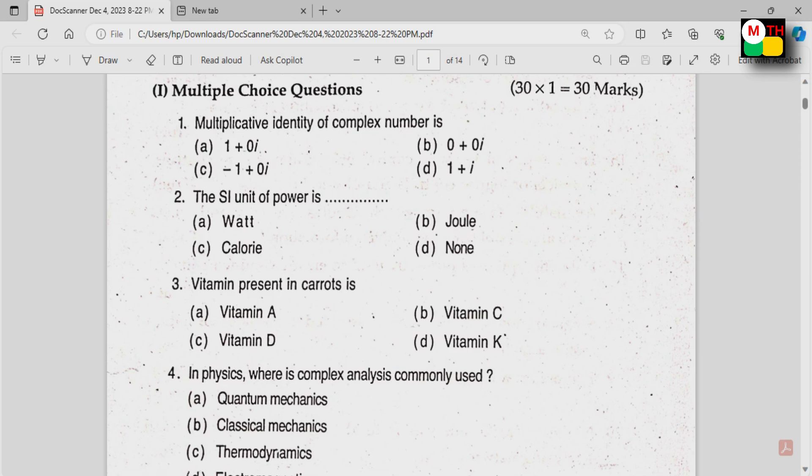Choose the correct answer. Then fill in the blanks. And matching — Unit 1 and so on down the list.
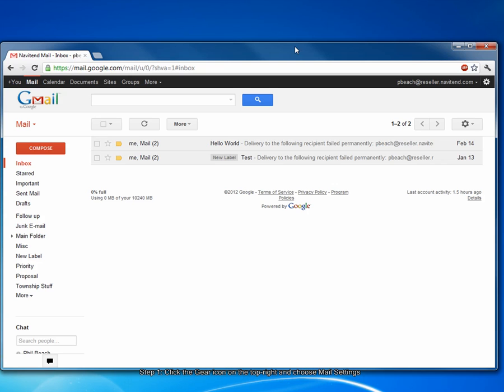First, you want to open up your Google Apps account and sign in. In this example, we'll set up a filter to assign any email with the word proposal in the subject line to the proposals label, or if you will, folder.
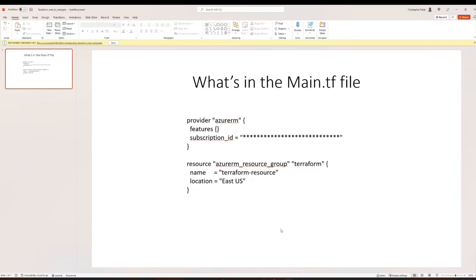That's the first thing we want to create in our main.tf file. The next thing is to create a resource group, which will be referenced multiple times throughout this example. You type resource, and in quotation marks it's azurerm_resource_group. Then you put the local Terraform name — we'll just call it "terraform". Inside your curly brackets, you have name equals — this is the Azure name, so I called it terraform-resource. Then location equals "East US". Those are the two things in the main.tf file.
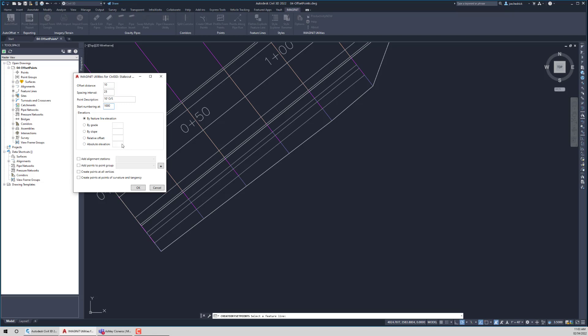Now, this routine's been around for a couple of years. And we had a request to enhance it last year. So we always try to listen and take feedback as much as we can. And so we had a request to, you know what, I want to be able to put the alignment station in the point description itself. So the first thing I'm going to do is toggle that on.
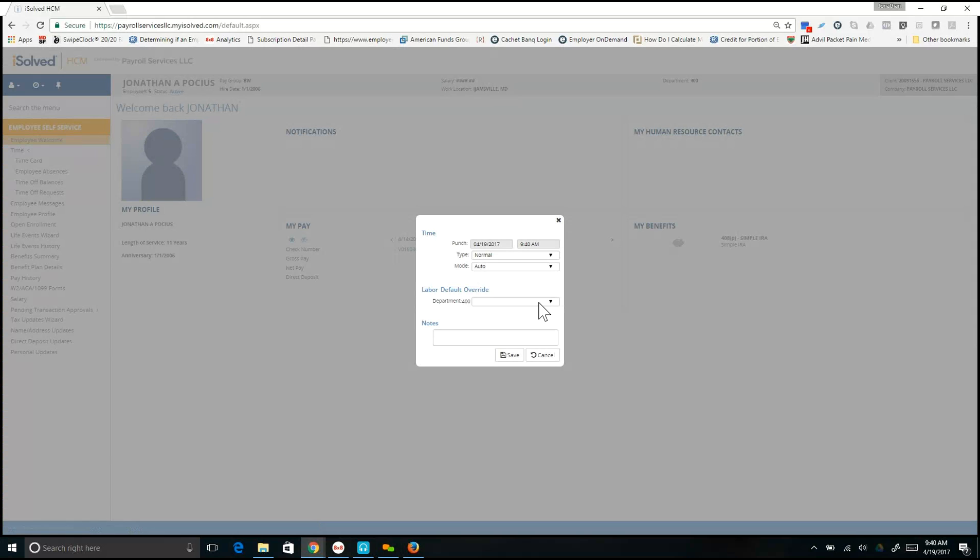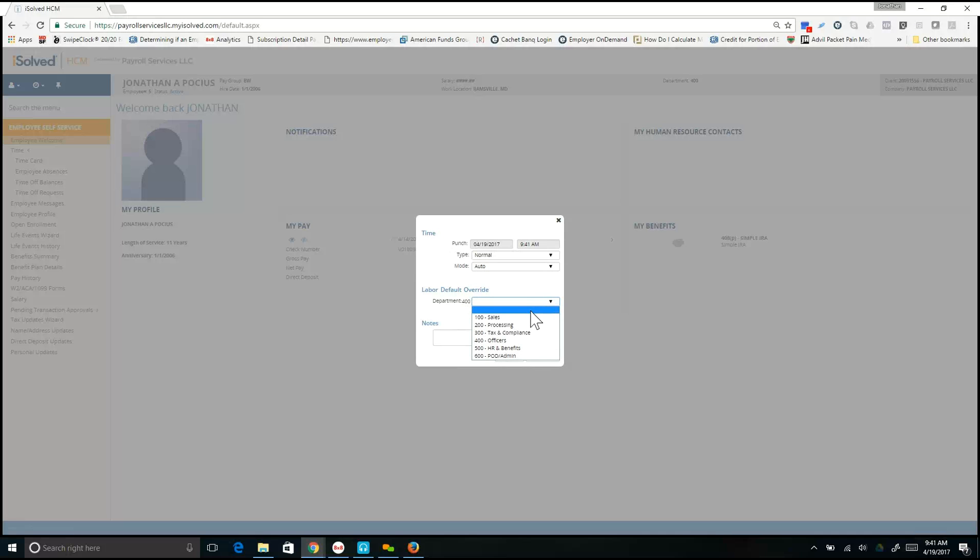If it's project, it'll say project. If it's department, it'll say department. From the drop-down, select the appropriate allocation that you need to use.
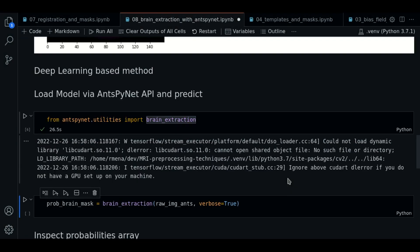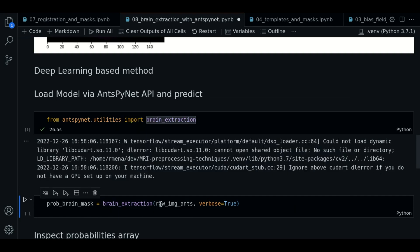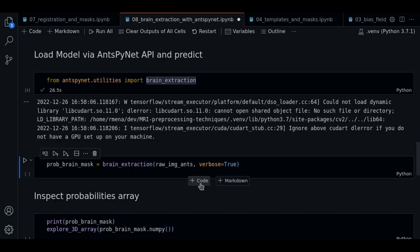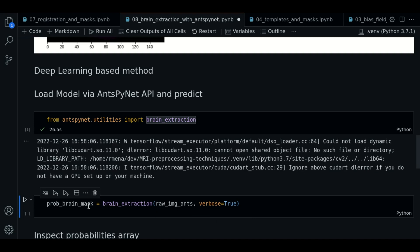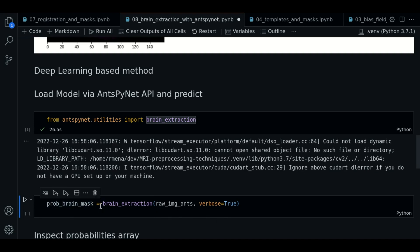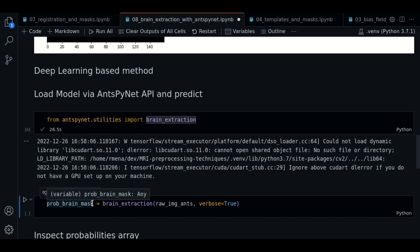By now, ignore these warnings. The function to do brain extraction is pretty simple. We call the brain extraction, we pass the ANTS image, and this will return a probability image. Each value inside contains the probability of the pixel to be part of the brain. We will later process this to get the brain mask.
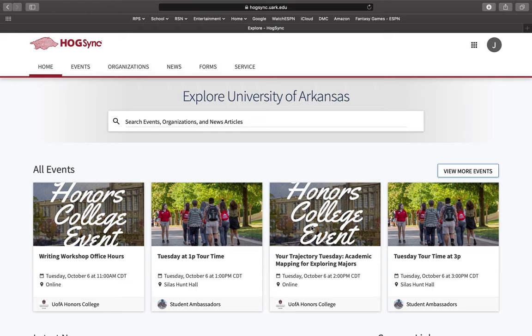We hope to see you at the Student Affairs Resource Fair to learn more about Student Affairs and the resources we offer. It will be hosted October 28th from 11:30 to 1. Thank you.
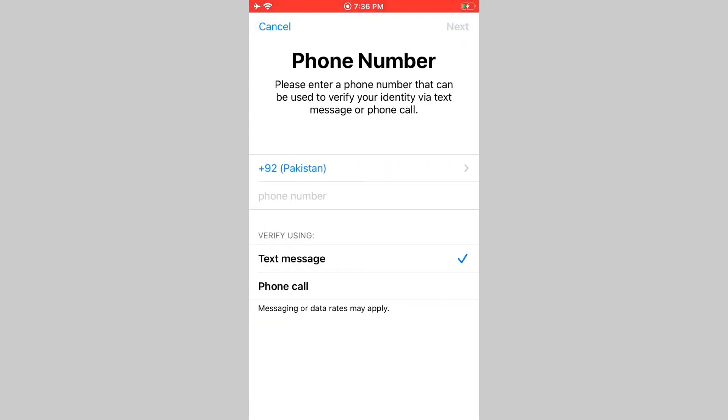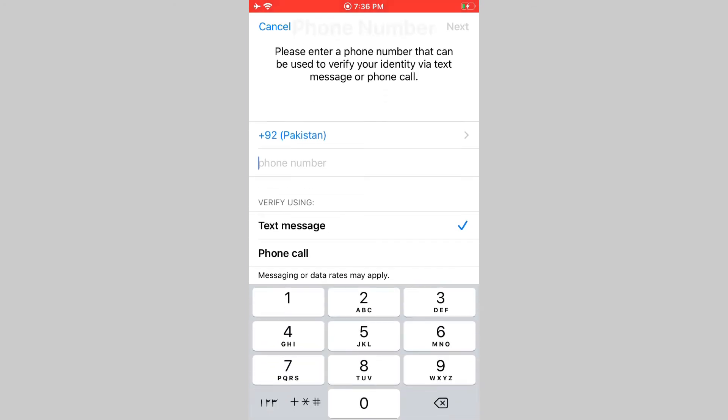Now enter the trusted phone number and tap next and get a verification code.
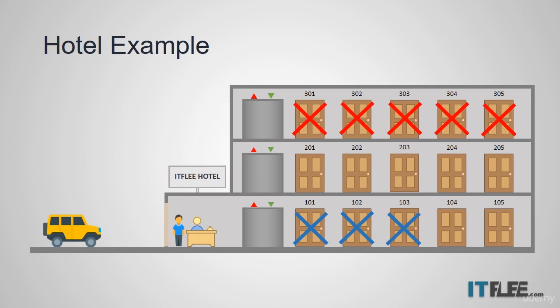Now, the clerk also notices that room 104, 105, and 201 are occupied, so he can't give them any of those rooms either. And this would be an example of computers just taking IP addresses from DHCP as they're available. Finally, he sees that he can give Johnny room 202 for one week.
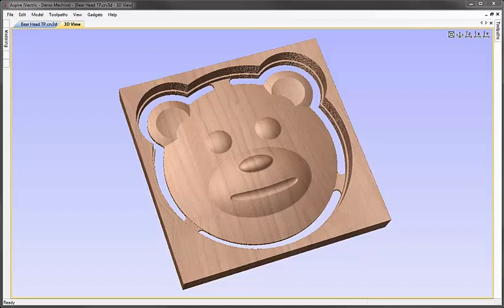In this video we're going to give you a brief overview of the steps to create the model and toolpaths to make the teddy bear part that you can see on the screen.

▶ _Work order_
Every line of the listing should be copied precisely, with images omitted.

▶ _Response area_
Choose the correct answer. Then fill in the blanks. And matching — Unit 1 and so on down the list.
First, you want to open up your Google Apps account and sign in. In this example, we'll set up a filter to assign any email with the word proposal in the subject line to the proposals label, or if you will, folder.
That's the first thing we want to create in our main.tf file. The next thing is to create a resource group, which will be referenced multiple times throughout this example. You type resource, and in quotation marks it's azurerm_resource_group. Then you put the local Terraform name — we'll just call it "terraform". Inside your curly brackets, you have name equals — this is the Azure name, so I called it terraform-resource. Then location equals "East US". Those are the two things in the main.tf file.
Now, this routine's been around for a couple of years. And we had a request to enhance it last year. So we always try to listen and take feedback as much as we can. And so we had a request to, you know what, I want to be able to put the alignment station in the point description itself. So the first thing I'm going to do is toggle that on.
If it's project, it'll say project. If it's department, it'll say department. From the drop-down, select the appropriate allocation that you need to use.
By now, ignore these warnings. The function to do brain extraction is pretty simple. We call the brain extraction, we pass the ANTS image, and this will return a probability image. Each value inside contains the probability of the pixel to be part of the brain. We will later process this to get the brain mask.
We hope to see you at the Student Affairs Resource Fair to learn more about Student Affairs and the resources we offer. It will be hosted October 28th from 11:30 to 1. Thank you.
Now enter the trusted phone number and tap next and get a verification code.
Now, the clerk also notices that room 104, 105, and 201 are occupied, so he can't give them any of those rooms either. And this would be an example of computers just taking IP addresses from DHCP as they're available. Finally, he sees that he can give Johnny room 202 for one week.
In this video we're going to give you a brief overview of the steps to create the model and toolpaths to make the teddy bear part that you can see on the screen.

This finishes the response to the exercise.